Hal ini disebabkan karena:
1.
Masyarakat
Indonesia telah memiliki dasar-dasar kebudayaan yang cukup tinggi
sehingga
masuknya kebudayaan asing ke Indonesia menambah perbendaharaan
kebudayaan
Indonesia.
2.
Kecakapan
istimewa yang dimiliki bangsa Indonesia atau local genius
merupakan kecakapan
suatu bangsa untuk menerima unsur-unsur kebudayaan asing dan mengolah
unsur-unsur tersebut sesuai dengan kepribadian bangsa Indonesia.
Pengaruh
kebudayaan
Hindu hanya bersifat melengkapi kebudayaan yang telah ada di
Indonesia. Perpaduan budaya Hindu-Budha melahirkan akulturasi yang masih
terpelihara sampai sekarang. Akulturasi tersebut merupakan hasil dari
proses
pengolahan kebudayaan asing sesuai dengan kebudayaan Indonesia.
Seni Bangunan
Seni
bangunan
tampak pada bangunan candi sebagai wujud percampuran antara seni asli
bangsa
Indonesia dengan seni Hindu-Budha. Candi merupakan bentuk perwujudan
akulturasi
budaya bangsa Indonesia dengan India. Candi merupakan hasil bangunan
zaman megalitikum
yaitu bangunan punden berundak-undak yang mendapat pengaruh Hindu Budha.

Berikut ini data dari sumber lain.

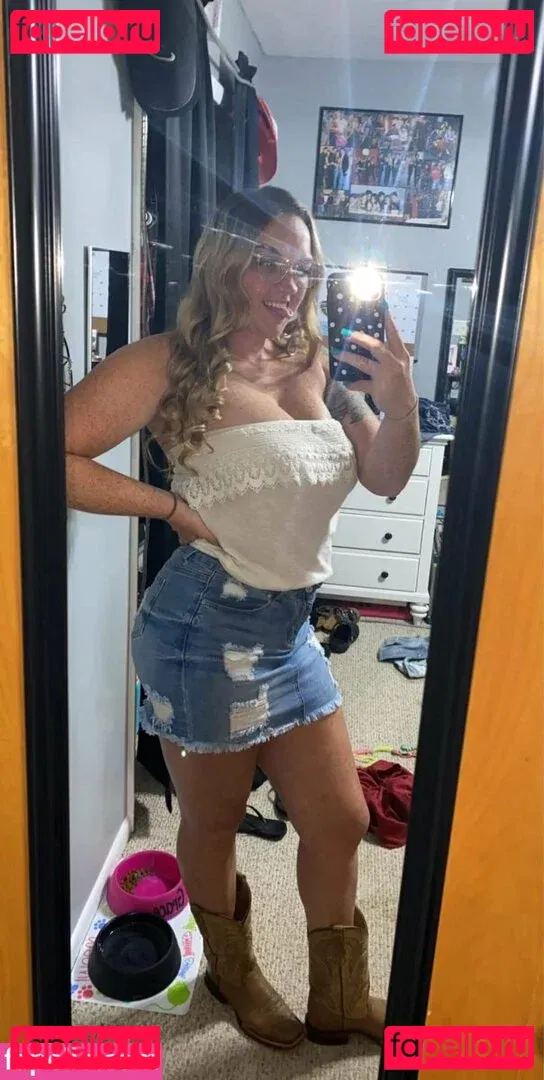 Raelyne Summeier Onlyfans Photo Gallery 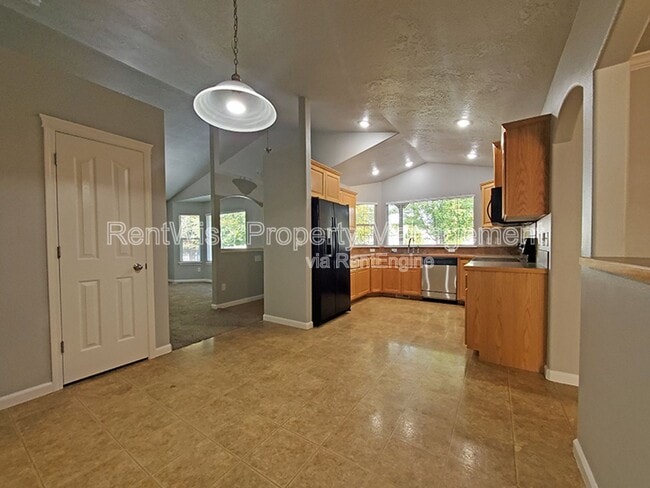 575 W Elias St in Meridian, ID - Building Photo - Building Photo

Contohnya candi Borobudur. Pada candi disertai pula berbagai macam benda
yang
ikut dikubur yang disebut bekal kubur sehingga candi juga berfungsi
sebagai
makam bukan semata-mata sebagai rumah dewa. Sedangkan candi Budha, hanya
jadi
tempat pemujaan dewa tidak terdapat peti pripih dan abu jenazah ditanam
di
sekitar candi dalam bangunan stupa.
Seni Sastra dan
Aksara
Periode
awal di
Jawa Tengah pengaruh sastra Hindu cukup kuat.
Periode
tengah
bangsa Indonesia mulai melakukan penyaduran atas karya India.
Contohnya:
Kitab
Bharatayudha merupakan gubahan Mahabarata oleh Mpu Sedah dan Panuluh.
Isi
ceritanya tentang peperangan selama 18 hari antara Pandawa melawan
Kurawa. Para
ahli berpendapat bahwa isi sebenarnya merupakan perebutan kekuasaan
dalam
keluarga raja-raja Kediri.
Prasasti-prasasti
yang
ada ditulis dalam bahasa Sansekerta dan Huruf Pallawa. Bahasa
Sansekerta
banyak digunakan pada kitab-kitab kuno/Sastra India. Mengalami
akulturasi
dengan bahasa Jawa melahirkan bahasa Jawa Kuno dengan aksara Pallawa
yang
dimodifikasi sesuai dengan pengertian dan selera Jawa sehingga menjadi
aksara
Jawa Kuno dan Bali Kuno. Perkembangannya menjadi aksara Jawa sekarang
serta
aksara Bali. Di kerajaan Sriwijaya huruf Pallawa berkembang menjadi
huruf
Nagari.
Sistem Kalender
Diadopsi
dari
sistem kalender/penanggalan India. Hal ini terlihat dengan adanya
Penggunaan
tahun Saka di Indonesia. Tercipta kalender dengan sebutan tahun Saka
yang
dimulai tahun 78 M (merupakan tahun Matahari, tahun Samsiah) pada waktu
raja
Kanishka I dinobatkan jumlah hari dalam 1 tahun ada 365 hari.
C. KERAJAAN KUTAI
Kutai Martadipura adalah
kerajaan bercorak Hindu di Nusantara yang
memiliki bukti sejarah tertua. Berdiri sekitar abad ke-4. Kerajaan
ini terletak di Muara Kaman, Kalimantan
Timur,
tepatnya di hulu sungai Mahakam. Nama Kutai diberikan oleh
para ahli mengambil dari nama
tempat ditemukannya prasasti yang menunjukkan eksistensi kerajaan
tersebut.
Tidak ada prasasti yang secara jelas menyebutkan nama kerajaan ini dan
memang
sangat sedikit informasi yang dapat diperoleh.